The second opinion, released in 2003, found that grizzly bears and bulltrout “would not be jeopardized” by the mine. The rational for this determination? Revett Minerals would be required to “mitigate” for the loss of habitat and increased mortality risks to grizzlies. They would purchase land, obtain conservation easements, or trade land with the Forest Service amounting to 2,400 acres of existing habitat. This, the Fish and Wildlife Service claims, would offset the loss of 7,000 acres. Two new federal employees would be hired to teach miners immigrating into the community how to live in bear country.

Our legal counsel argued that the small population of grizzly bears in the Cabinets, already facing a serious population decline, could not survive the impacts of a massive industrial complex adjacent to the wilderness. The District Court Judge hearing the case was alarmed that the FWS was ignoring its own dire predictions about population numbers and remanded the opinion back to the agency.

Unbelievably, the latest opinion released this October determined that the mine would not jeopardize grizzly bears and would actually enhance their survival.
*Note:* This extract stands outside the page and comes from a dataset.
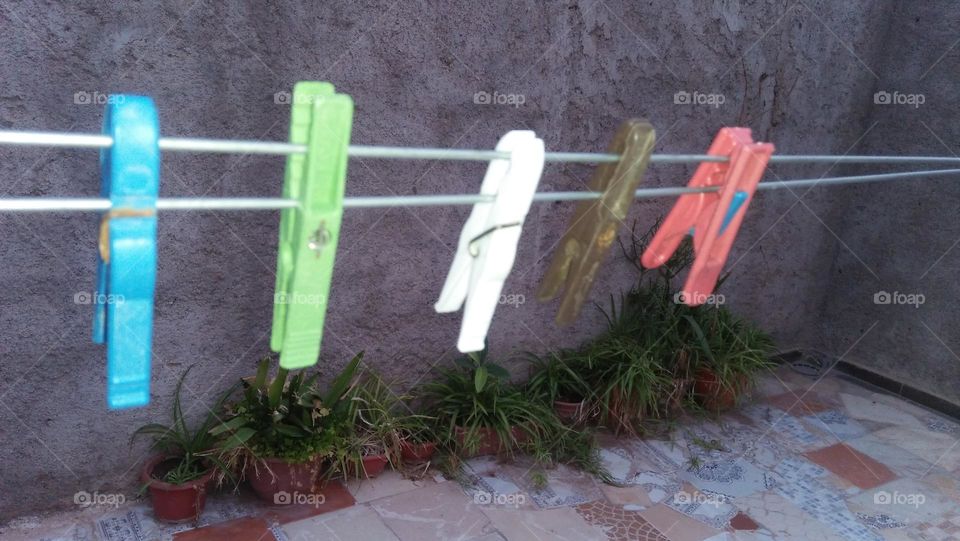 Colored handles hanging in wires.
While we were not surprised at the issuance of another non-jeopardy opinion, no one could have imagined that the Fish and Wildlife Service would attempt to market the mine as a good thing for bears. Common sense tells us that the mine could not possibly benefit bears.

According to the BiOp, “The most prominent direct and indirect effects on grizzly bears from the implementation of the proposed Rock Creek Mine project would stem from the influx of mine employees into this relatively remote area…Unmitigated, this number of people could pose some risk to bears in this ecosystem. This phase would bring people into an area that is relatively undeveloped at the current time, which could be associated with higher mortality risk to grizzly bears.” In a feeble effort to address the large immigration into the community, the latest opinion relies heavily on the same “mitigations.” New “mitigations” include rules prohibiting employees from feeding wildlife and from carrying firearms. Mine employees would also attend “sensitivity training.”
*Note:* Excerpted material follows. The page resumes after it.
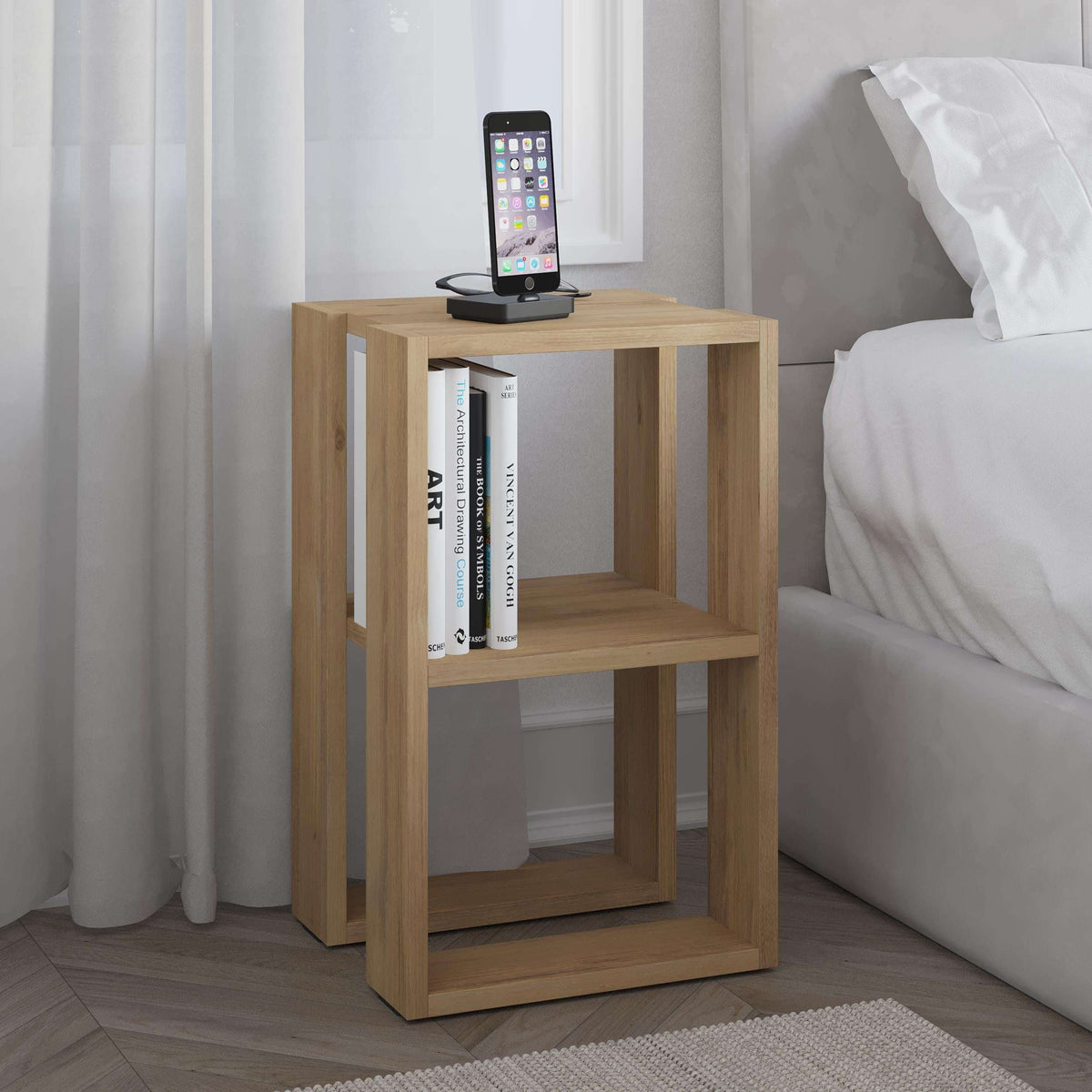 Oak modern bedside table with open cubby shelves and phone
The FWS has decided that because of the mine’s lethality, bear numbers should be maintained by augmenting the population. Up to 15 bears from the Continental Divide Ecosystem near Glacier would be captured, drugged, collared, and released in the Cabinets to offset the mortality the mine would cause during its operating life. We believe this plan is poor bear management because relocating imperiled grizzly bears into the midst of an ecosystem with a massive mine is akin to placing them on the Titanic. The process of relocation is itself a risky business. At least one bear has died in a recent relocation attempt.
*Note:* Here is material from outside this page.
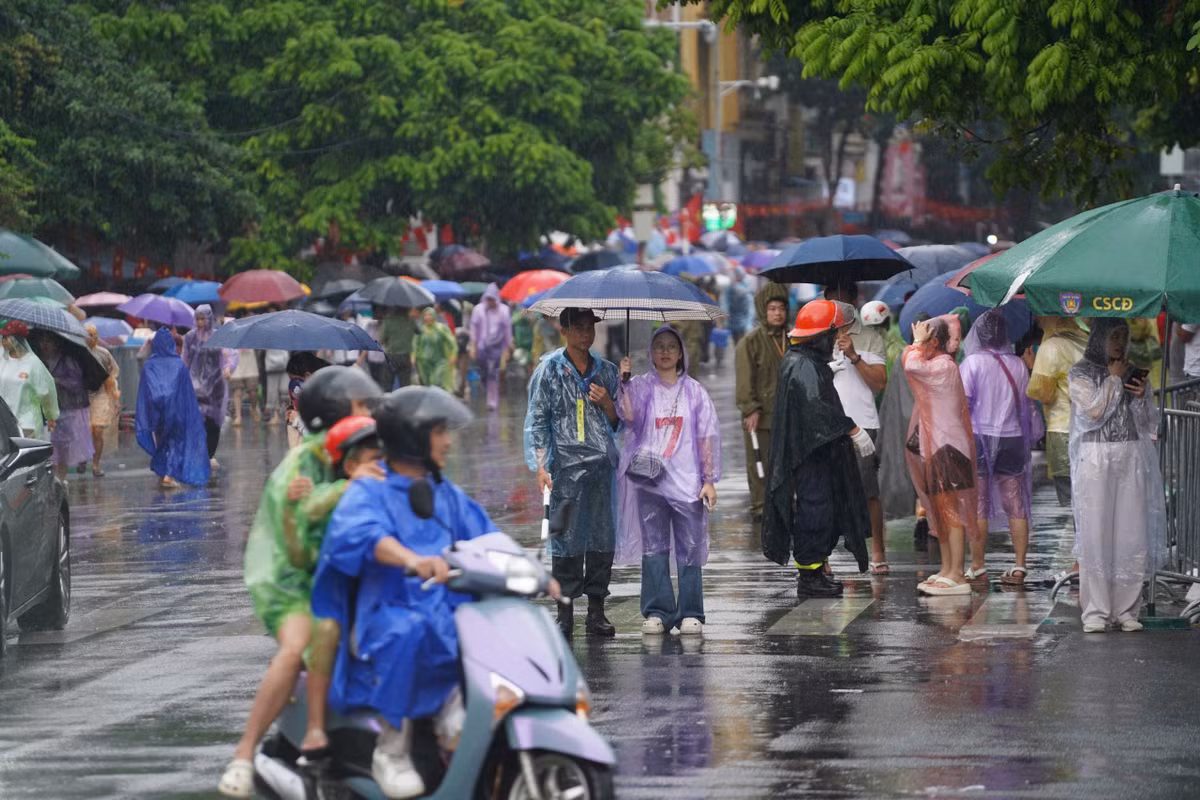 Chiều 1/9, bất chấp trời đổ mưa, dòng người vẫn ùn ùn đổ về khu vực đường Hùng Vương, Nguyễn Thái Học chờ xem diễu binh, diễu hành vào sáng này 2/9.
For bulltrout, the agency concluded that although the mine would likely wipe out bulltrout in Rock Creek, this population is expendable. To rationalize the loss of this population of fish, the FWS has come up with a new scheme. Populations designated as “core areas” would be lumped together for FWS analyses. Core areas are important because they have existing bulltrout along with habitat that is critical for the long-term security of bulltrout. Core areas are the unit upon which recovery is measured.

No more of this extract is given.